Fundamentalisme Islam, baik yang secara langsung atau tidak dipengaruhi oleh Gerakan Wahabi, segera muncul dari berbagai penjuru dunia Islam, seperti di Negeria Utara dengan Syech Usman dan Fodio (1754-1817) di Afrika Barat dengan Haji Umar Tal (1794-1865) di Minangkabau dengan gerakan Paderinya (perempatan terakhir abad 18 dengan Tuanku Nan Tuo dan murid-muridnya. Di India dengan Sayyid Ahmad Berelvi (1786-1831).
Dalam gerakan-gerakan Fundamentalis selanjutnya warna anti Barat muncul secara signifikan walau tema kembali kepada Islam murni juga tidak ditinggalkan seperti gerakan Faraidh di Begal yang dikembangkan oleh Syari’at Allah (1781-1840) yag selain menjalankan syari’at secara ketat, juga melakukan jihat terhadap Ingris dan Hindu.
Berbeda dengan Fundamentalisme pra-modern, fundamentalisme kontemporer merupakan respon terhadap pembaharuan Islam yang “salah kaprah”. Islam yang harusnya dikedepankan dengan pembaruan yang dilakukan justru menjadi marjinal. Hal ini terjadi karena evolusi pemikiran sejak dari Salafisme, modernisme, westernisme, dan akhirnya sekularisme. Semuanya ini mengandung reaksi balik oleh sebagian umat Islam dengan kembali kepada Islam secara ketat dan ekslusif. Antara lain gerakan fundamentalisme kontemporer tersebut adalah gerakan Ikhwanul Muslimin yang didirikan pada tahun 1928 oleh seorang mubaligh Hasan Al-Banna.

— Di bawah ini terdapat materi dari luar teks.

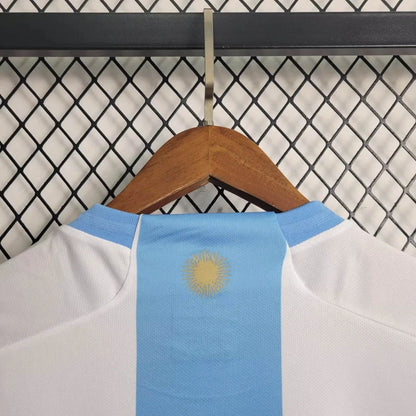 Camiseta Argentina Local 2024 Versión Fan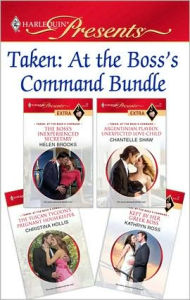 Title: Taken: At the Boss's Command Bundle, Author: Helen Brooks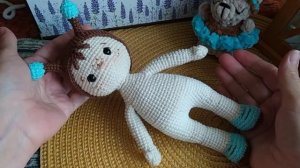 Вязальный Vlog 13 #вязаныеигрушки #игрушкикрючком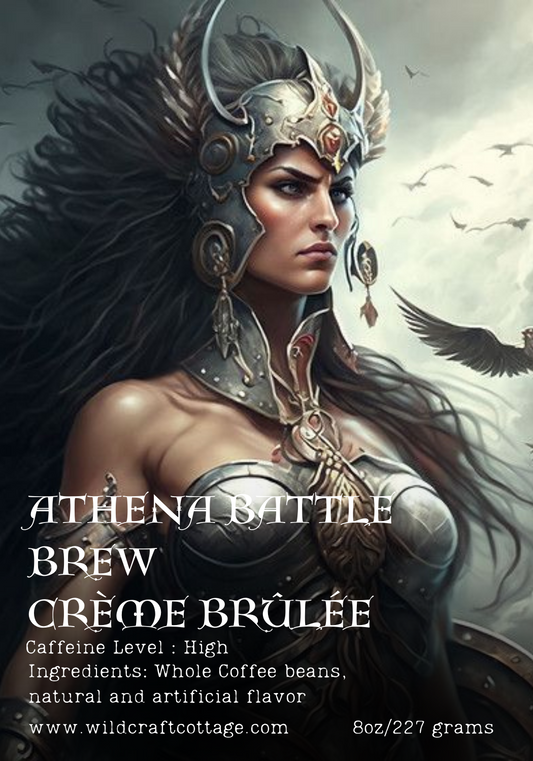 Athena Battle Brew Cream Brûlée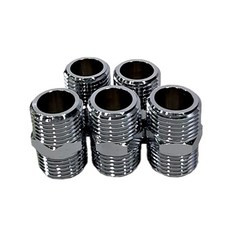 新多多小舖 4分六角立布 5個一組 水管接頭, 1組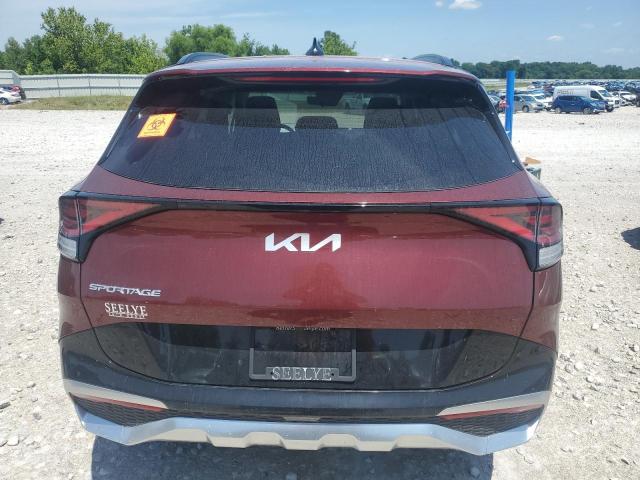  KIA SPORTAGE 2023 Красный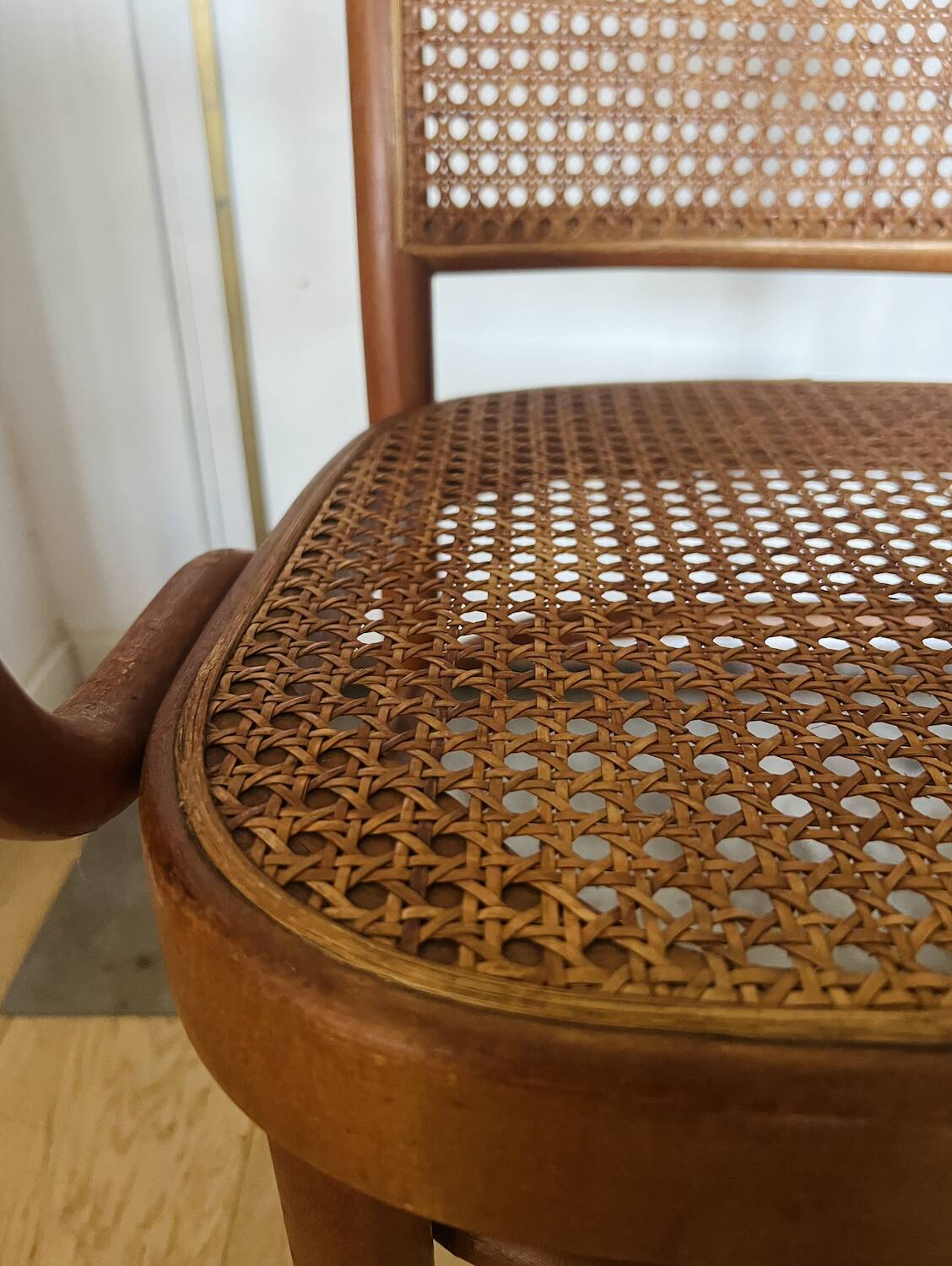 Fauteuil 811 ou Prague, Josef Hoffmann pour Thonet, circa 1930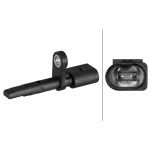 ABS-sensor HELLA 6PU 358 218-481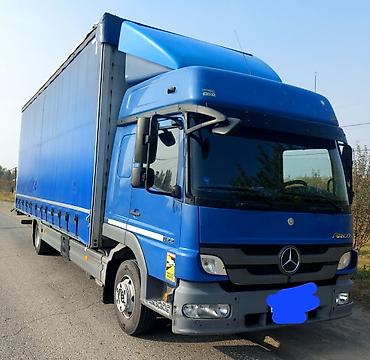 шина ош: Жүк ташуучу унаа, Mercedes-Benz, Стандарт, Колдонулган — 2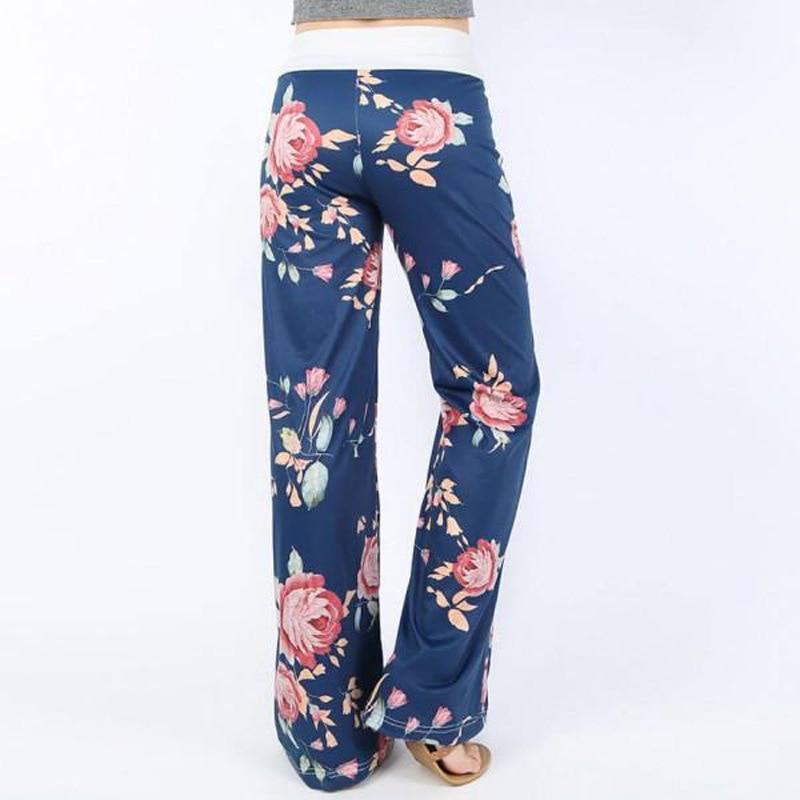 Pantalon large femme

Ia menganjurkan Islam sebagai ideologi yang total dan komprehensif.
Selain al-Banna, tokoh fundamentalisme Islam kontemporer lain adalah Muhammad Quthb dan al-Maududi,. Kedua tokoh ini memiliki doktrin sentral  tentang jahiliyah modern, yakni modernitas sebagai barbaratis baru yang mesti diberantas. Menurut Quthb untuk memberantas jahiliyah modern ini masyarakat muslim mesti melakukan taghyir al-aqliyyah, yakni perubahan fundamental dan radikal, bermula dari dasar-dasar kepercayaan, moral, dan etikanya.
Dengan paparan di atas, hemat penulis, saat ini tidak begitu penting untuk memperdebatkan ada dan tidaknya fundamentalisme Islam. Karena “fundamentalisme” sudah terlanjur menjadi sebuah konsep sosial keagamaan. Oleh sebab itu, yang baik barangkali adalah menjadikan fundamentalisme tersebut sebagai sebuah konsep untuk memahami perkembangan pemikiran dan gerakan keagamaan yang ada di dunia dewasa ini. Wallahu a’lam.